> Your goal:
Throughout the listing below, show every line in which "Black" occurs.

> Given records:
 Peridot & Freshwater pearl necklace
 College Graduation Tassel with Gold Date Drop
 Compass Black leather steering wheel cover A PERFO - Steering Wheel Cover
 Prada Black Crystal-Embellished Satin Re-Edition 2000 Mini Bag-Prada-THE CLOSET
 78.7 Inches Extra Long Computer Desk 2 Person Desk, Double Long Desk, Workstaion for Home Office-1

==

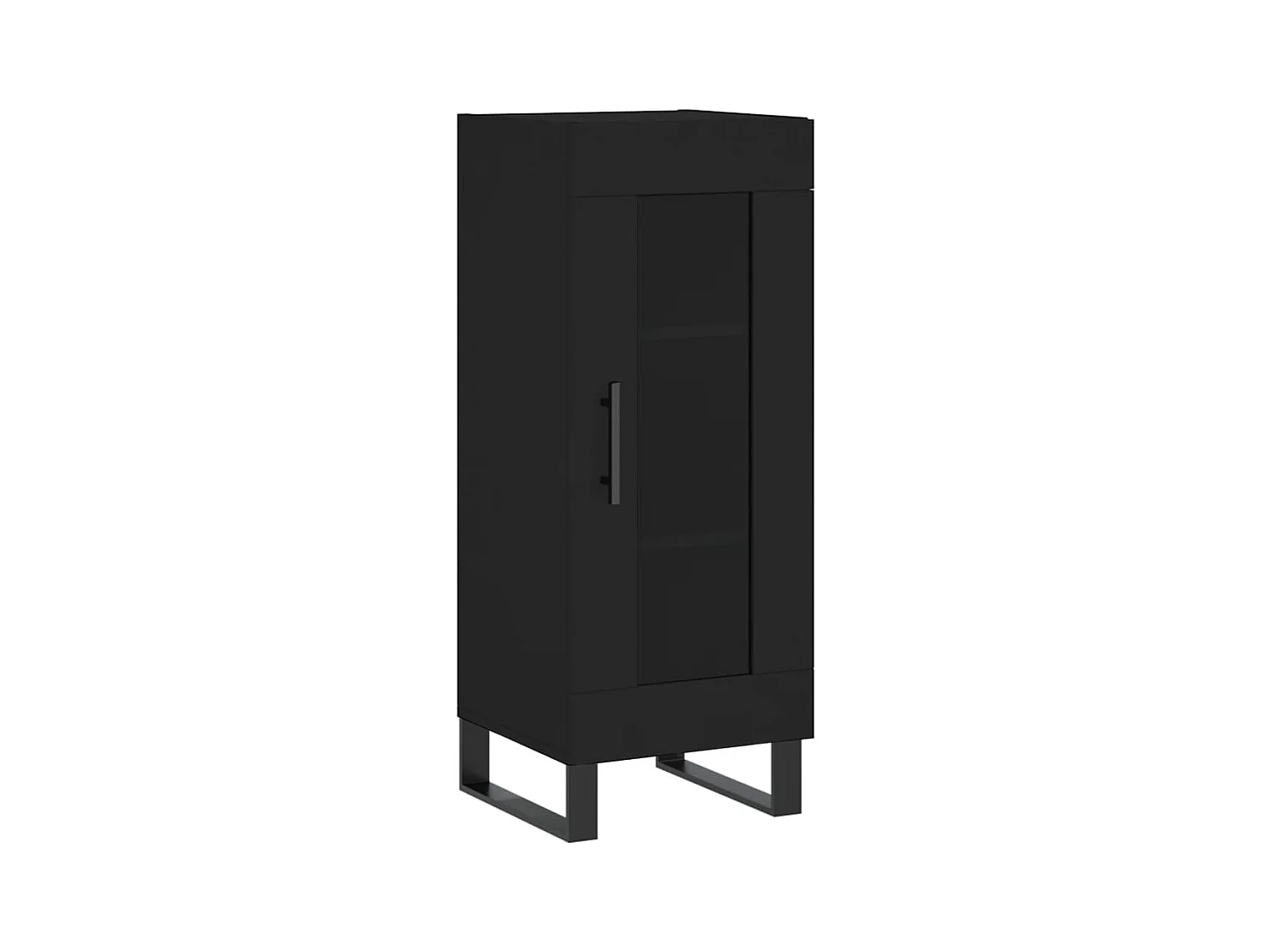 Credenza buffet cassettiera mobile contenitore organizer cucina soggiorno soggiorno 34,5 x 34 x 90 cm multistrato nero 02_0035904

> Solution:
 Compass Black leather steering wheel cover A PERFO - Steering Wheel Cover
 Prada Black Crystal-Embellished Satin Re-Edition 2000 Mini Bag-Prada-THE CLOSET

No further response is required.